TASK INSTRUCTIONS
Restate, exactly as written, the entries below from the line that holds "Vjera - Garage And Elevator *" through the line that holds "Certified 2018 Honda". Pictures are not part of the copy.

EXTRACTED RECORDS
Segment Open
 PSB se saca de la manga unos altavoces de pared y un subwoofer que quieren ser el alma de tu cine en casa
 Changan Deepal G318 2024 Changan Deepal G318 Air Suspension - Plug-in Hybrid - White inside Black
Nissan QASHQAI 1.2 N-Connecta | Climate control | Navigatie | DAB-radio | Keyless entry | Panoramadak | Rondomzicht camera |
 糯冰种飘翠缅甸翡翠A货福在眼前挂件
Segment Closed
Segment Open
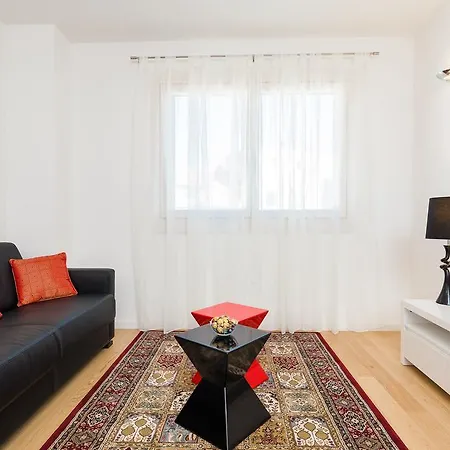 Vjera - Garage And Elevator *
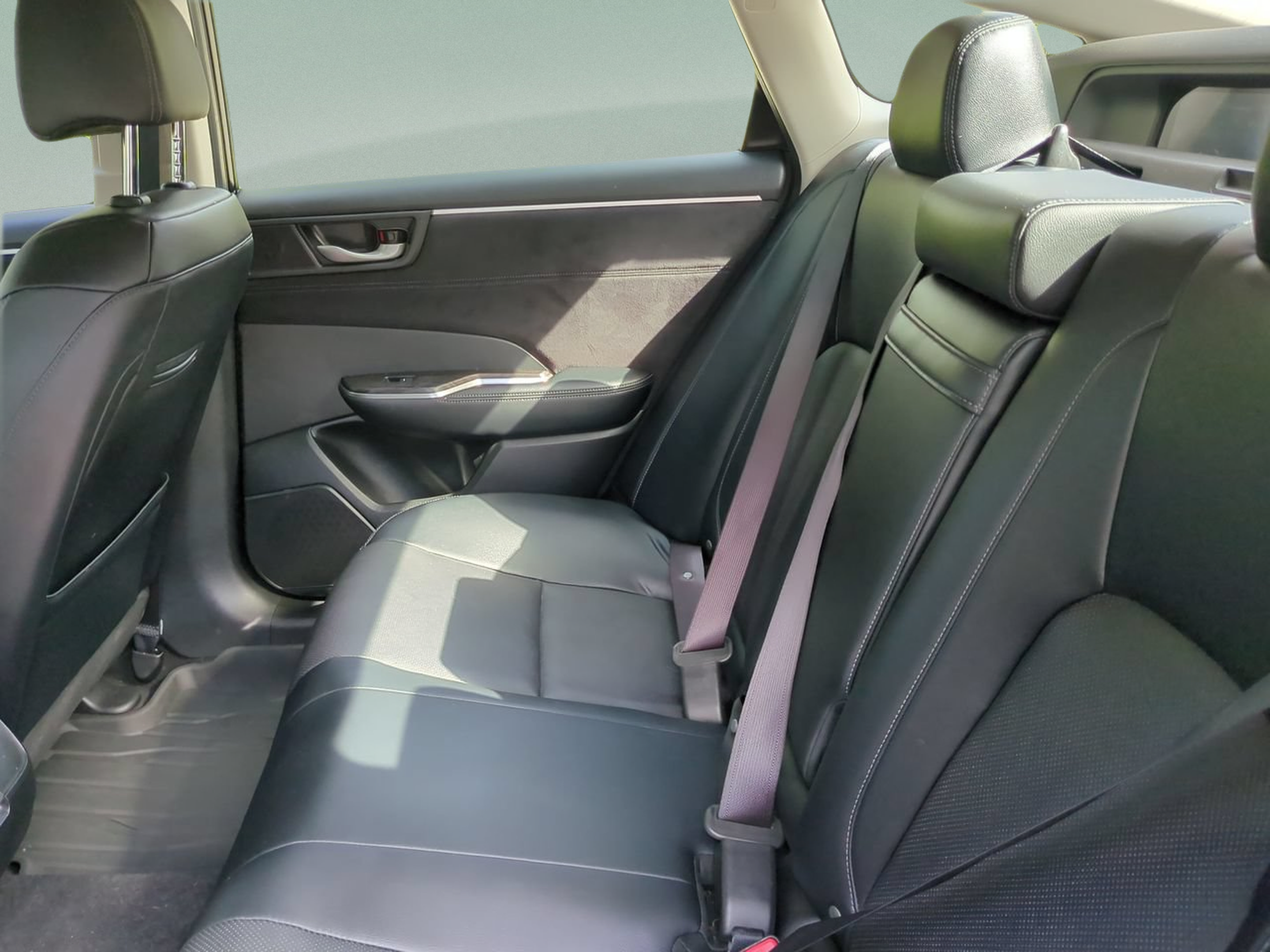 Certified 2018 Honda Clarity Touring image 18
Segment Closed
TASK RESULT
 Vjera - Garage And Elevator *
 Certified 2018 Honda Clarity Touring image 18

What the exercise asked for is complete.